Items from a data source
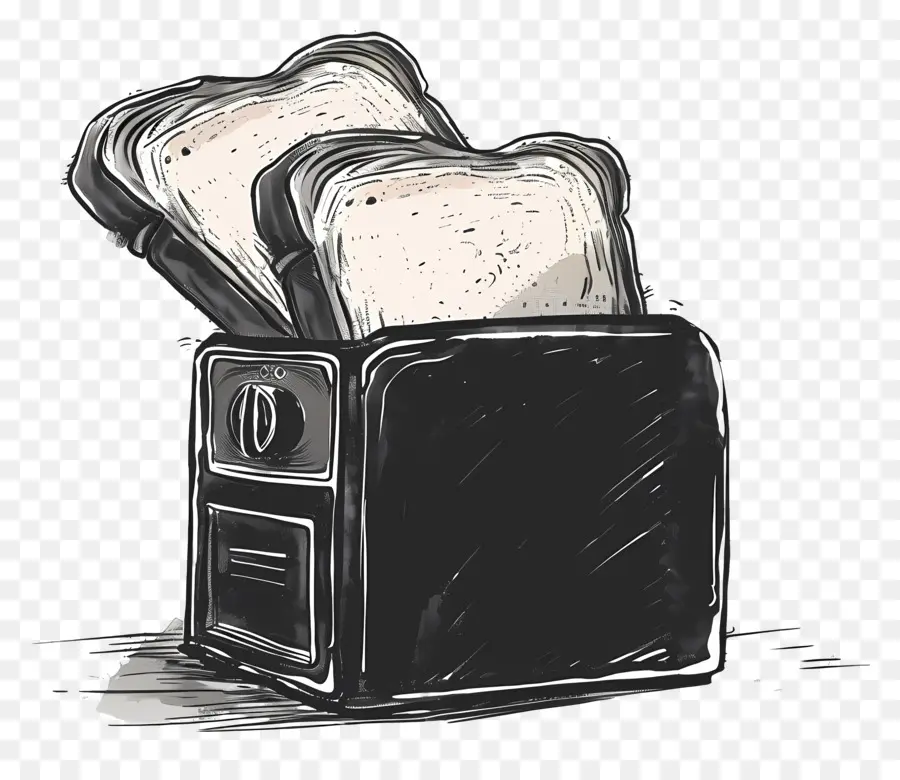 Тостер с хлебом，Toaster PNG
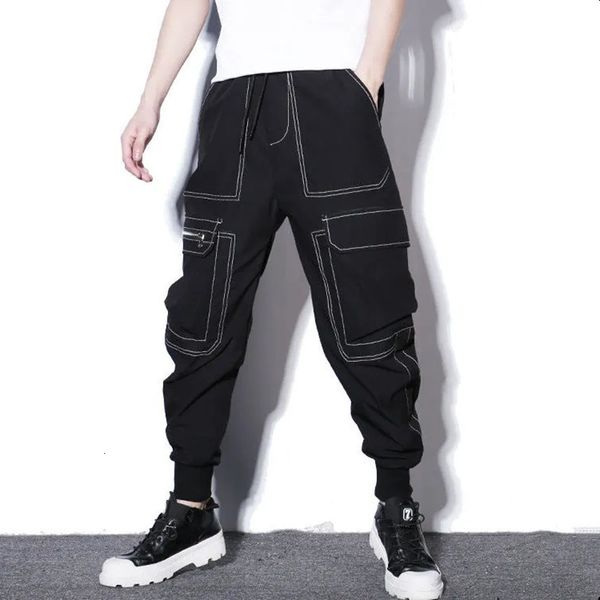 men's pants hip hop cargo men in y2k harajuku streetwear unique luxury brand trousers joggers baggy sweatpants 230826, Black
men's pants hip hop cargo men in y2k harajuku streetwear unique luxury brand trousers joggers baggy sweatpants 230826, Black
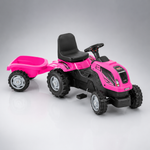 956 Playtime – Dečiji Traktor na Pedale sa Prikolicom (Roze)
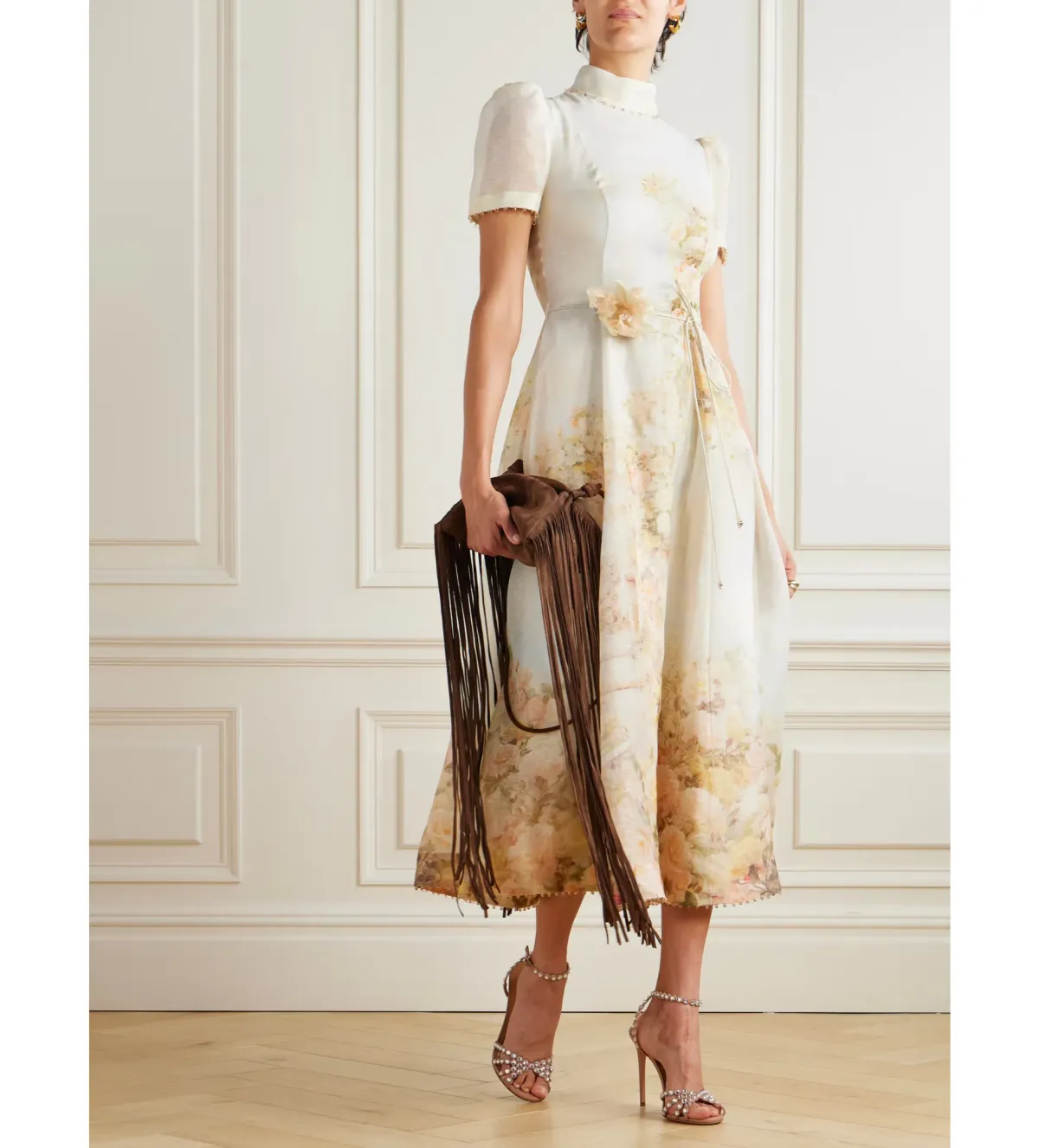 Zimmermann Memento Picnic Midi Dress in Rose Arbor Size 2 / AU 12 - Image 1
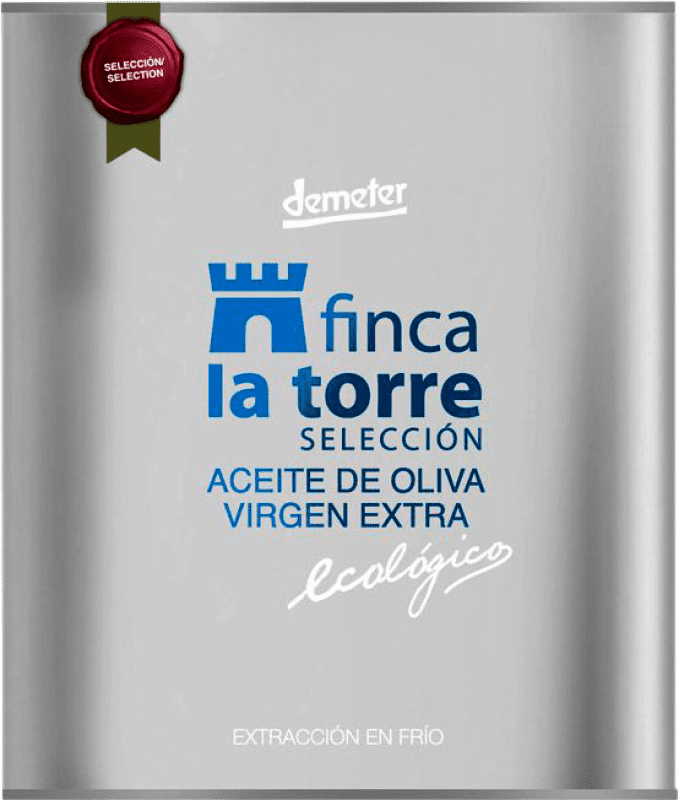 58,95 € | Olio d'Oliva Finca la Torre EVO Extra Vergine Andalusia Spagna Hojiblanca Lattina Speciale 2 L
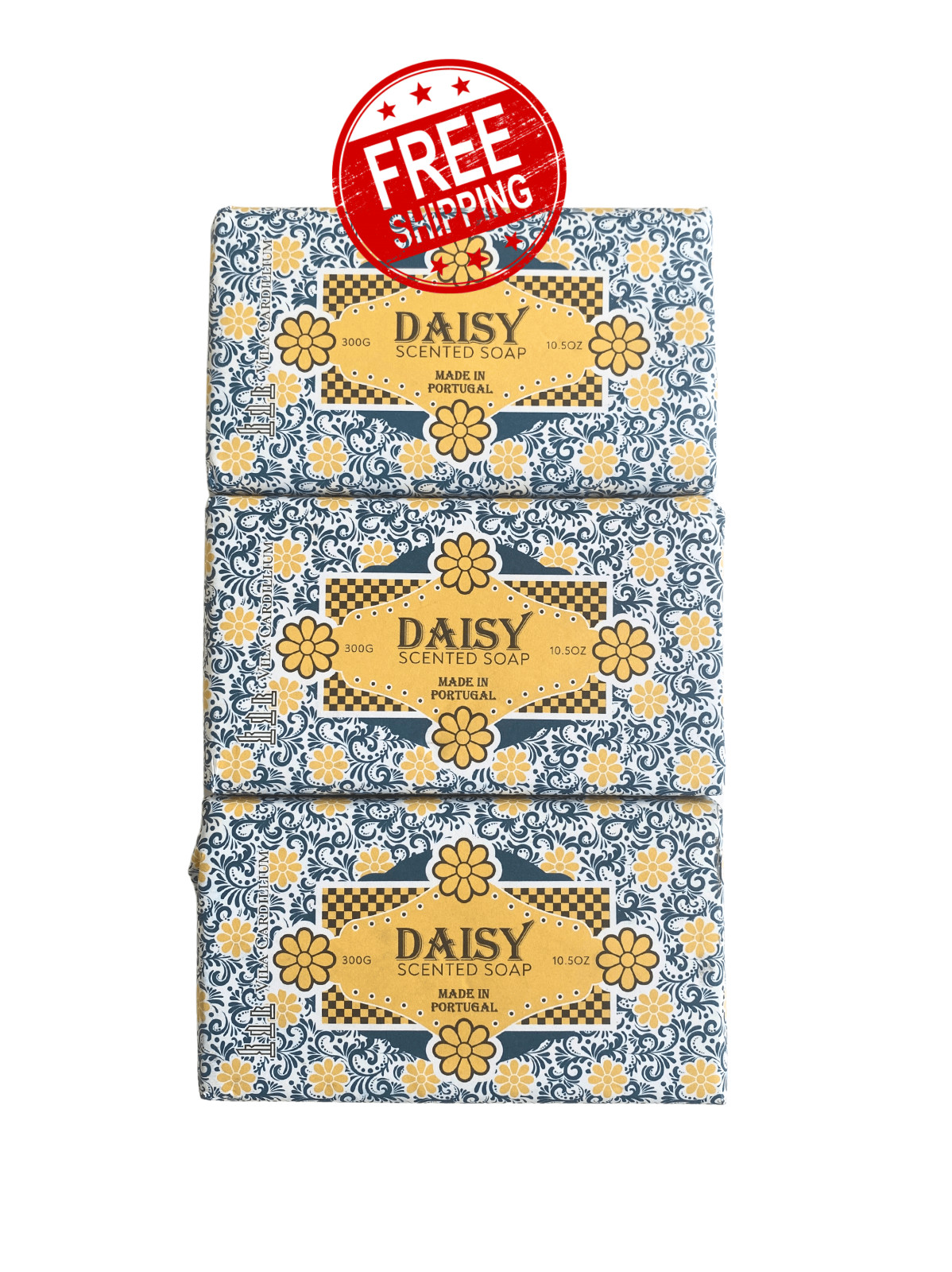 Daisy Scented Soap Made in Portugal (3-Pack)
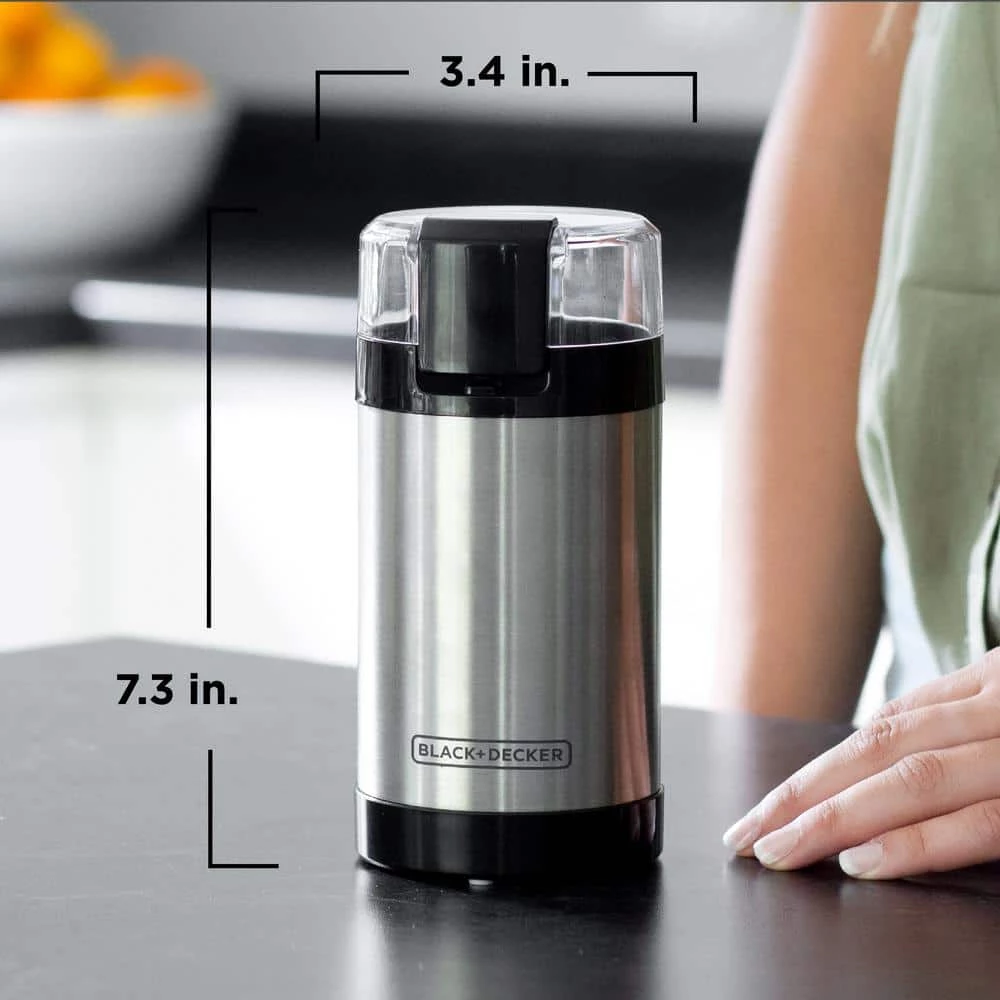 BLACK+DECKER 4 oz. Silver Coffee Grinder 10 BLACK+DECKER 4 oz. Silver Coffee Grinder - Image 8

WHAT YOU HAVE TO DO:
Write out, word for word, the lines from the start of the data through the one holding "956 Playtime –". Omit pictures.

EXERCISE OUTPUT:
 Тостер с хлебом，Toaster PNG
 men's pants hip hop cargo men in y2k harajuku streetwear unique luxury brand trousers joggers baggy sweatpants 230826, Black
men's pants hip hop cargo men in y2k harajuku streetwear unique luxury brand trousers joggers baggy sweatpants 230826, Black
 956 Playtime – Dečiji Traktor na Pedale sa Prikolicom (Roze)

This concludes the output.